#### [What to produce]
What are the lines, word for word, from the line with "chloro-tris(te" up to and including the line with "Karl Lagerfeld Karlas" in the records below? Omit the pictures.

++++ Material provided

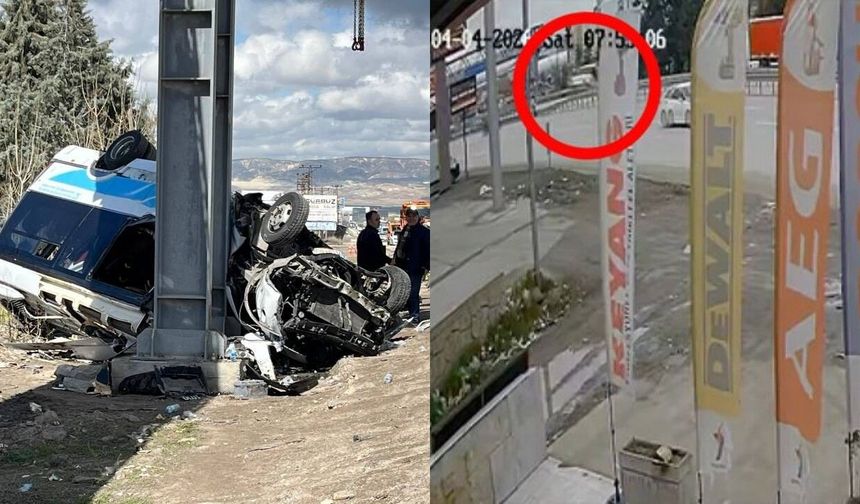 Ankara'da 5 kişinin can verdiği feci kaza kamerada! Olay anı görüntüleri ortaya çıktı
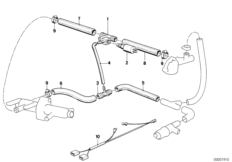 Увеличение частоты вращения на х.ходу для BMW E30 320i M20 (схема запасных частей)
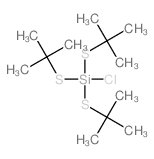 chloro-tris(tert-butylsulfanyl)silane结构式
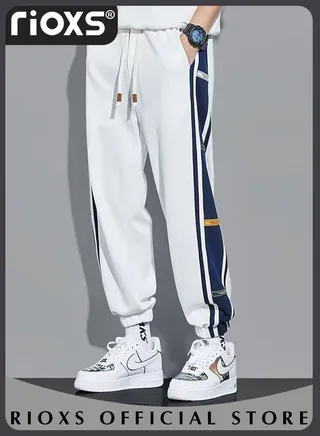 Men's Sports Loose Pant Casual Running Jogging Workout Athletic Workout Trouser With Pockets 
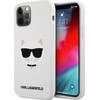Karl Lagerfeld Karlas Lagerfeldas KLHCP12LSLCHWH „iPhone 12 Pro Max 6,7 colio“ hardcase balta/balta Silicone Choupette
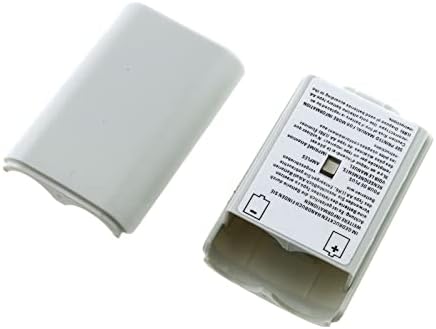 E-izvanredan 2kom poklopac baterije baterija zamjena kućišta za Xbox360 bežični kontroler, Bijela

++++++++

#### [Response to this task]
 chloro-tris(tert-butylsulfanyl)silane结构式
 Men's Sports Loose Pant Casual Running Jogging Workout Athletic Workout Trouser With Pockets 
Karl Lagerfeld Karlas Lagerfeldas KLHCP12LSLCHWH „iPhone 12 Pro Max 6,7 colio“ hardcase balta/balta Silicone Choupette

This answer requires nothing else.